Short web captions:

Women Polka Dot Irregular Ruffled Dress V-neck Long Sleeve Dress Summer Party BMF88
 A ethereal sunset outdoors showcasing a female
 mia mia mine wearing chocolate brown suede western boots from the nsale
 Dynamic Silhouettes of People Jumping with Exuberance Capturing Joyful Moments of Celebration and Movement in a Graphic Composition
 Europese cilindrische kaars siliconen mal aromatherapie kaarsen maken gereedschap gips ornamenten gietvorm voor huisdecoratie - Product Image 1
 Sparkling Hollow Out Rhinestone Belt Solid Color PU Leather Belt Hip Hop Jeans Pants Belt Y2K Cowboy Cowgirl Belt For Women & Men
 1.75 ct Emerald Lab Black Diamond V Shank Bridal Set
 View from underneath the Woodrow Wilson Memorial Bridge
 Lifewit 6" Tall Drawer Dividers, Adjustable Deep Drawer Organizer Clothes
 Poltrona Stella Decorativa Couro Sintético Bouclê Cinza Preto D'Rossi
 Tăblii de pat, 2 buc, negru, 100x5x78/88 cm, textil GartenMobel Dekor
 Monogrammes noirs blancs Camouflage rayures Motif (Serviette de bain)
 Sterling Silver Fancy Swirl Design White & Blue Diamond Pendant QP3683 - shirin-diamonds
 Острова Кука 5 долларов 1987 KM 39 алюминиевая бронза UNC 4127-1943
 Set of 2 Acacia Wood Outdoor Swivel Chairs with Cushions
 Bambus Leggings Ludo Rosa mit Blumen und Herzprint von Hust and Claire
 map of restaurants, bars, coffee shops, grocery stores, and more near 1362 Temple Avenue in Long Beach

▸ **Work to complete**: When you reply, retype each line exactly as it appears above.

▸ **Answer space**:
Women Polka Dot Irregular Ruffled Dress V-neck Long Sleeve Dress Summer Party BMF88
 A ethereal sunset outdoors showcasing a female
 mia mia mine wearing chocolate brown suede western boots from the nsale
 Dynamic Silhouettes of People Jumping with Exuberance Capturing Joyful Moments of Celebration and Movement in a Graphic Composition
 Europese cilindrische kaars siliconen mal aromatherapie kaarsen maken gereedschap gips ornamenten gietvorm voor huisdecoratie - Product Image 1
 Sparkling Hollow Out Rhinestone Belt Solid Color PU Leather Belt Hip Hop Jeans Pants Belt Y2K Cowboy Cowgirl Belt For Women & Men
 1.75 ct Emerald Lab Black Diamond V Shank Bridal Set
 View from underneath the Woodrow Wilson Memorial Bridge
 Lifewit 6" Tall Drawer Dividers, Adjustable Deep Drawer Organizer Clothes
 Poltrona Stella Decorativa Couro Sintético Bouclê Cinza Preto D'Rossi
 Tăblii de pat, 2 buc, negru, 100x5x78/88 cm, textil GartenMobel Dekor
 Monogrammes noirs blancs Camouflage rayures Motif (Serviette de bain)
 Sterling Silver Fancy Swirl Design White & Blue Diamond Pendant QP3683 - shirin-diamonds
 Острова Кука 5 долларов 1987 KM 39 алюминиевая бронза UNC 4127-1943
 Set of 2 Acacia Wood Outdoor Swivel Chairs with Cushions
 Bambus Leggings Ludo Rosa mit Blumen und Herzprint von Hust and Claire
 map of restaurants, bars, coffee shops, grocery stores, and more near 1362 Temple Avenue in Long Beach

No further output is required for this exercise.